Warning: This article contains spoilers for the pilot episode of Sleepy Hollow.

On Monday, September 16, Fox premiered its new horror/mystery series Sleepy Hollow, which is co-produced by J. J. Abrams’ old scribes, Alex Kurtzman and Roberto Orci. Only loosely based on Washington Irving’s sketch “The Legend of Sleepy Hollow,” the show follows Ichabod Crane (Tom Mison), an 18th century soldier in the Revolutionary Army who wakes up in contemporary Sleepy Hollow after having decapitated a mysterious Hessian soldier. He finds himself paired with local detective Abbie Mills (Nicole Beharie), who is naturally skeptical but has seen enough odd events in her life to be willing to listen. Together, they find themselves battling the resurrected Headless Horseman who is — wait for it! — one of the Four Horsemen of the Apocalypse, and part of a broader conspiracy involving George Washington, witches, and the “Book of Revelations” (why do non-Christian writers always pluralize John’s Apocalypse, anyway?).

To criticize Sleepy Hollow for its absurdity is almost beside the point, and to their immense credit, the series’ writers keep their tongues sufficiently in their cheeks as the plot developments (and heads) roll along. Plausibility aside, there is certainly plenty for the Christian viewer to take issue with, the most obvious being the peculiar eschatology the show envisions. As in the Christian understanding of reality, Sleepy Hollow’s moral world revolves around a battle between the forces of Good and Evil. But in Sleepy Hollow, these categories appear to be arranged dualistically: the forces of Evil are at least as powerful as the forces of Good. In February, I censured ABC’s short-lived Zero Hour on these same grounds. A singular problem arises in incorporating the Christian eschatology of Revelation into a secular thriller: the ending is already determined. In order to develop any degree of radical tension, a writer must create a scenario in which the forces of Good might conceivably lose, so that the doubt about victory lends suspense to the proceedings. Indeed, if anything, in this scenario Good should be the underdog, so that its ultimate victory is all the more cathartic.

But the real book of Revelation and the other scriptures that form its theological foundations have no patience for this kind of narrative maneuver. It is very true that biblical writers wrestle profoundly with the troubling presence of evil in the world and God’s apparent absence, but this wrestling (as can be seen, for instance, in any lament Psalm) is always done in a broader context acknowledging God’s supervening providence. And of all biblical books, Revelation (notwithstanding its wild imagery) is perhaps the most ill-suited to generating dramatic tension when read faithfully. The book, after all, ends with the preordained conquest of God over Satan and the final union of the New Heavens and the New Earth, a vision in which all things are made new. Simply put, humans can’t flub the apocalypse.  Good wins. God wins.

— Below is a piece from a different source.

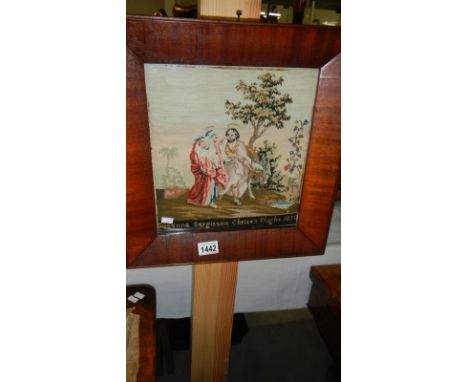 A framed and glazed tapestry.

Sleepy Hollow also resembles Zero Hour in its approach to faith. I appreciate any time television acknowledges the transcendent supernatural world against the radical skepticism endemic to modern culture. Too often, however, that faith is generic, if downright objectless. In its favor, Sleepy Hollow avoids the bastardized Pascal’s wager faith that Zero Hour exemplified (i.e., a belief against facts because it is pragmatically helpful to believe). Yet of all the names thrown about in Sleepy Hollow, God is curiously (or not-so-curiously) absent from the proceedings (though the Devil seems to make an appearance). Thus, this faith has no personal object as its basis; it is just a faith that things happen which can’t be explained. Given this emphasis on faith, the writers display a general ignorance of history in connecting so much of their end-times storyline to the 18th century, which was in actuality one of the most rationalistic periods in history.  The real George Washington would have had little patience for demonic conspiracies, and contrary to Sleepy Hollow’s assertions, witchcraft trials seem to have been almost non-existent in late colonial New York.

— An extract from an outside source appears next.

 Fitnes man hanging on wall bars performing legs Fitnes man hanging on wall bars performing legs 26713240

What the show gets right is Ichabod Crane’s delightful combination of incredulity and wry adaptiveness. Too often in fish-out-of-water sagas like this one, the dislocated person is simply bland and befuddled, but Crane gives as good as he gets in Sleepy Hollow. One thing the real 18th century excelled at was satire, and Crane’s commentary on 21st century New York is spot-on. Indeed, Mison and Beharie have terrific chemistry, and the show is almost worth watching solely for their clever repartee.

It is possible that as the show progresses and the lines of demarcation are drawn more thoroughly that Sleepy Hollow will elaborate on its understanding of what Good and Evil are and the role God plays in these proceedings. Perhaps the strength of Evil really will prove only apparent rather than actual, and collapse a superficial dualism. Initially, however, the show seems to trend otherwise. It may seek to awaken faith in a skeptical world, but right now, that faith appears hollow indeed.


1 Comment

  1. Yep, that’s all the things that bugged me about the show as well — but I found the characters winsome and the dialogue entertaining, and am hoping it improves with age. Probably doubtful given the flawed premise, but…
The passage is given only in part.